Research published today by the IFC shows how clean cooking devices can have a considerable positive impact on health and gender outcomes and create a valuable additional income stream for clean cooking companies. IFC’s learning brief Clean Impact Bond: Mobilizing Finance for Clean Cooking was launched at the workshop: Unlock Impact Finance for Clean Cooking – A Field Assessment of Clean Cooking Co-benefits for Climate, Health, and Gender at the Innovate4Climate conference on May 25. The brief  highlights how the recently launched Clean Impact Bond, a results-based financing instrument, mobilized finance for SMEs based on the sales of certified health and gender credits similar to carbon credits in the clean cooking sector for the first time. 

Cardano Development, IFC, and partners-including MECS- launched the Clean Impact Bond (CIB) in 2022. It is a development impact bond (DIB) designed to mobilize finance from a variety of partners to scale up the production of clean cooking solutions, by quantifying and selling the health and gender co-benefits to outcome buyers. A DIB was chosen as the model for the CIB because it allows partners to focus on the outcomes that clean cooking solutions can generate, rather than paying for the inputs or outputs. The report notes that the CIB-as a development impact bond, is also a type of Results Based Finance (RBF).

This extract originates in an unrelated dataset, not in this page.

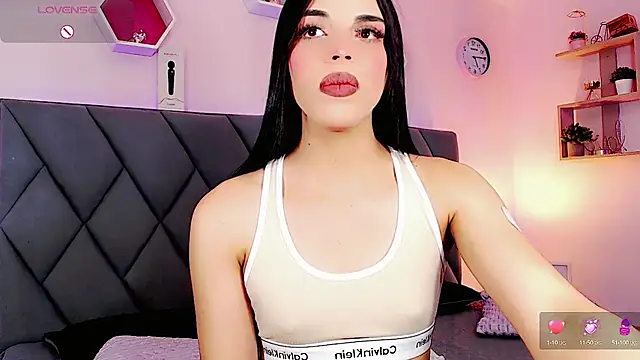 CandyJoselyn online show from September 21, 2025, 12:40 pm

The Clean Impact Bond involves a collaboration between Cardano Development, IFC, BIX Capital, the Osprey Foundation, and Sistema.bio. BIX Capital, as the investor, provided upfront working capital financing in the amount of $300,000 to Sistema.bio, the cooking enterprise, which used the financing to scale up operations to reach low-income customers. Outcomes of the CIB aimed for an improvement in averted ill health and mortality, and an increase in Quality Time saved by women through the use of the biogas digesters, provided by Sistema.bio to rural families across 10 regions of Kenya. The Osprey Foundation, as the outcomes buyer, committed up to $500,000 to pay for health and gender outcomes after they had been independently verified and certified to have been achieved. MECS provided some financial support and technical advice to Cardano to facilitate its work in arranging the transaction.

The CIB used the averted DALY (aDALY) metric for measuring health impacts. This comprises the amount of healthy life saved due to the intervention (including time spent free of illness and avoided premature death). For Gender the CIB measured the additional Quality Time available for a woman to use for income generation, the production of goods that otherwise would be bought, education, rest, and/or leisure. The interventions are being certified by the Gold Standard and have pioneered the practical application of their methodologies in these areas.

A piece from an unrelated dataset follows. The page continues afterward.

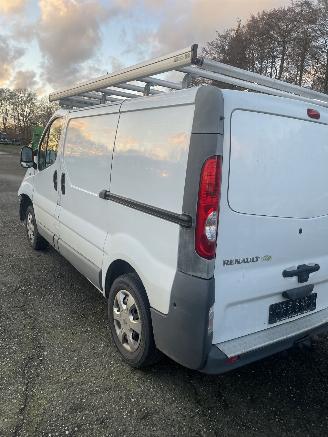 Renault Trafic 2.0 dci picture 4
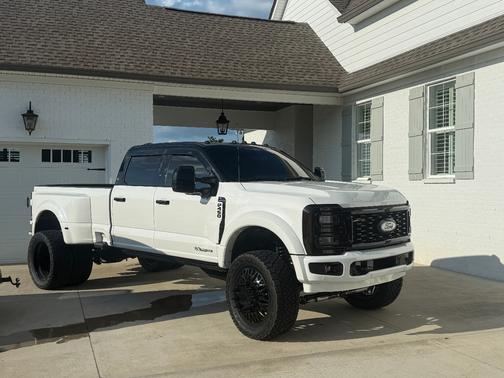 White 2025 Ford F-450 Platinum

Several lessons are highlighted by IFC from developing and structuring the CIB, and opportunities were identified for improving the design of future RBFs. The key lessons learned were the importance of establishing effective partnerships to structure the RBF; designing the RBF so that it reaches targeted underserved customers; and effectively assessing, validating, and certifying the outcomes.

Despite the increased focus on Sustainable Development Goal 7 (SDG7 – Affordable and Clean Energy), 2.4 billion people worldwide lack access to clean cooking. SDG 7 aims to achieve universal access to affordable, reliable, and modern energy services by 2030. The CIB is the first global initiative to monetize the gender and health co-benefits of clean cooking solutions, alongside the more commonly available carbon credits. As such it is an innovative financial instrument that offers new opportunities to channel funding into Modern Energy Cooking projects.

Professor Ed Brown, Research Director of the Modern Energy Cooking Services (MECS) programme, said, “This is a fantastic development. MECS has been exploring the potential role of impact finance in scaling modern energy cooking interventions for some time. It’s wonderful to see this partnership of innovative funders, project implementers and facilitators bring this new approach to fruition.”